## Instructions for the task
Copy out all of the data below with no alterations.

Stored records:

______

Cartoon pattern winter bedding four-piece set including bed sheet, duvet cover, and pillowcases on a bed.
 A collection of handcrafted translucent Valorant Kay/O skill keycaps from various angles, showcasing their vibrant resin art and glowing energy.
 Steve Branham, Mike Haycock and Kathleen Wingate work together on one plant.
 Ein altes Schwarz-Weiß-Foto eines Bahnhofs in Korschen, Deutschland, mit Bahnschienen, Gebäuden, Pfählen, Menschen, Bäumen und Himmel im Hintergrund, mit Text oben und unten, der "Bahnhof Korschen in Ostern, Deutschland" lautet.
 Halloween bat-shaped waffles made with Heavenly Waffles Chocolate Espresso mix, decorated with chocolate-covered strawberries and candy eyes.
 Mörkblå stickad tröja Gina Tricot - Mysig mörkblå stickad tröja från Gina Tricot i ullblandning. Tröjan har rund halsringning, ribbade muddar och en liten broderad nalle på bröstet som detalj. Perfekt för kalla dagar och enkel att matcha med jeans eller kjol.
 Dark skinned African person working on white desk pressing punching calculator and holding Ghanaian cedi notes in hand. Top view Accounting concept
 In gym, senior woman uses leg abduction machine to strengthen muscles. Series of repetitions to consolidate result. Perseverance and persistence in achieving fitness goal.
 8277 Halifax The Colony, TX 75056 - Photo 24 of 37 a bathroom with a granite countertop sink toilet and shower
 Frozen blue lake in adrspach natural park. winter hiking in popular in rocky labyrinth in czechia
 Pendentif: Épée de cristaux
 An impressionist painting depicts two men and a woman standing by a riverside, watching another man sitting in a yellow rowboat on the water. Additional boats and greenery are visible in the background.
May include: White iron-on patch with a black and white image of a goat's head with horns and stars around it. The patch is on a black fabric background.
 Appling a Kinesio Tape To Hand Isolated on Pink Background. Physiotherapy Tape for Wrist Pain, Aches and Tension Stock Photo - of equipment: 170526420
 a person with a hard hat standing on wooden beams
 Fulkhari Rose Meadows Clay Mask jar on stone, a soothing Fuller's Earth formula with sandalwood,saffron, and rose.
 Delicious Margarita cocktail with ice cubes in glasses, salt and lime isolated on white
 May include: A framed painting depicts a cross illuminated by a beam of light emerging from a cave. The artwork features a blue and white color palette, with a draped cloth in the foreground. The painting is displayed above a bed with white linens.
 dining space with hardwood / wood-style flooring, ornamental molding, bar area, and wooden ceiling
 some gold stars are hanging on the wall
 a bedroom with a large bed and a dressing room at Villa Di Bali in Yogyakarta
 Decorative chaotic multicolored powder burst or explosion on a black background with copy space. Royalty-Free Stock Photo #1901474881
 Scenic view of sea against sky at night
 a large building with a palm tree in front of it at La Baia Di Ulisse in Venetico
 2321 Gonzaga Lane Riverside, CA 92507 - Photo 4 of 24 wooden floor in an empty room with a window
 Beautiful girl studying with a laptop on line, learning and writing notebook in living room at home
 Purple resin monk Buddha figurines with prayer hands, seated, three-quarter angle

______

## Your response
Cartoon pattern winter bedding four-piece set including bed sheet, duvet cover, and pillowcases on a bed.
 A collection of handcrafted translucent Valorant Kay/O skill keycaps from various angles, showcasing their vibrant resin art and glowing energy.
 Steve Branham, Mike Haycock and Kathleen Wingate work together on one plant.
 Ein altes Schwarz-Weiß-Foto eines Bahnhofs in Korschen, Deutschland, mit Bahnschienen, Gebäuden, Pfählen, Menschen, Bäumen und Himmel im Hintergrund, mit Text oben und unten, der "Bahnhof Korschen in Ostern, Deutschland" lautet.
 Halloween bat-shaped waffles made with Heavenly Waffles Chocolate Espresso mix, decorated with chocolate-covered strawberries and candy eyes.
 Mörkblå stickad tröja Gina Tricot - Mysig mörkblå stickad tröja från Gina Tricot i ullblandning. Tröjan har rund halsringning, ribbade muddar och en liten broderad nalle på bröstet som detalj. Perfekt för kalla dagar och enkel att matcha med jeans eller kjol.
 Dark skinned African person working on white desk pressing punching calculator and holding Ghanaian cedi notes in hand. Top view Accounting concept
 In gym, senior woman uses leg abduction machine to strengthen muscles. Series of repetitions to consolidate result. Perseverance and persistence in achieving fitness goal.
 8277 Halifax The Colony, TX 75056 - Photo 24 of 37 a bathroom with a granite countertop sink toilet and shower
 Frozen blue lake in adrspach natural park. winter hiking in popular in rocky labyrinth in czechia
 Pendentif: Épée de cristaux
 An impressionist painting depicts two men and a woman standing by a riverside, watching another man sitting in a yellow rowboat on the water. Additional boats and greenery are visible in the background.
May include: White iron-on patch with a black and white image of a goat's head with horns and stars around it. The patch is on a black fabric background.
 Appling a Kinesio Tape To Hand Isolated on Pink Background. Physiotherapy Tape for Wrist Pain, Aches and Tension Stock Photo - of equipment: 170526420
 a person with a hard hat standing on wooden beams
 Fulkhari Rose Meadows Clay Mask jar on stone, a soothing Fuller's Earth formula with sandalwood,saffron, and rose.
 Delicious Margarita cocktail with ice cubes in glasses, salt and lime isolated on white
 May include: A framed painting depicts a cross illuminated by a beam of light emerging from a cave. The artwork features a blue and white color palette, with a draped cloth in the foreground. The painting is displayed above a bed with white linens.
 dining space with hardwood / wood-style flooring, ornamental molding, bar area, and wooden ceiling
 some gold stars are hanging on the wall
 a bedroom with a large bed and a dressing room at Villa Di Bali in Yogyakarta
 Decorative chaotic multicolored powder burst or explosion on a black background with copy space. Royalty-Free Stock Photo #1901474881
 Scenic view of sea against sky at night
 a large building with a palm tree in front of it at La Baia Di Ulisse in Venetico
 2321 Gonzaga Lane Riverside, CA 92507 - Photo 4 of 24 wooden floor in an empty room with a window
 Beautiful girl studying with a laptop on line, learning and writing notebook in living room at home
 Purple resin monk Buddha figurines with prayer hands, seated, three-quarter angle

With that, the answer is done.